Klein was born in Nice. Both his parents were painters. He lived in Japan for a time, becoming an expert in judo, before settling in Paris and beginning to exhibit his work there. Many of these early paintings were monochrome and in a variety of colours.
By the late 1950s, Klein's monochrome works were almost exclusively in a deep blue hue which he eventually patented as International Klein Blue (IKB). As well as conventionally made paintings, in a number of works Klein had naked female models covered in blue paint dragged across or laid upon canvases to make the image, using the models as brushes. Sometimes the creation of these paintings was turned into a kind of performance art - an event in 1960, for example, had an audience dressed in formal evening wear watching the models go about their task while an instrumental ensemble played Klein's The Monotone Symphony, which consisted of a single sustained note.

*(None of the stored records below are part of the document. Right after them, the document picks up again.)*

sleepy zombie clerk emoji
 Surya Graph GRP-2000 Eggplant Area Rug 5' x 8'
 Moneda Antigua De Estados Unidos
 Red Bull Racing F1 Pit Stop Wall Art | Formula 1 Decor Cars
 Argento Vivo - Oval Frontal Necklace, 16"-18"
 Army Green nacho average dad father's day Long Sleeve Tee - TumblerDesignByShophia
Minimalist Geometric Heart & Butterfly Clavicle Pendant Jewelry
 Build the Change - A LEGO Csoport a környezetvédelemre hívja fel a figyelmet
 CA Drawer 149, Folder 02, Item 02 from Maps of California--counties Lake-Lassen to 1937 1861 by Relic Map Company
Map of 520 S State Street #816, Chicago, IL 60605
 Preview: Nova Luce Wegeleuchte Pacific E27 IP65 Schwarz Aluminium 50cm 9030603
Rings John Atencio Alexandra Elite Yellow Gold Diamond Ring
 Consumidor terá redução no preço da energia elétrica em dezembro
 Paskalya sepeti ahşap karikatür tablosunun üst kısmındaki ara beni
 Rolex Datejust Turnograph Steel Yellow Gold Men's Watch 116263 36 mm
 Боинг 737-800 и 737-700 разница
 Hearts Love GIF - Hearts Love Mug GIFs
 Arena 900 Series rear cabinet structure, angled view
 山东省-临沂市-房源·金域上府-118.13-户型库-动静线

Klein also made sculptures in deep blue, and worked with fire, creating some sculptures using it, and setting fire to some of his canvases, thus making scorched holes in them.
Klein is also well known for a photograph, Saut dans le Vide (Leap into the Void), which apparently shows him jumping off a wall, arms outstretched, towards the pavement.
Klein is considered an important figure in post-war European neo-dadaism. He engaged in such provocations as "publishing" a chapbook containing only empty pages and selling empty spaces in exchange for gold which he then threw into the river Seine.
Klein died in Paris of a heart attack.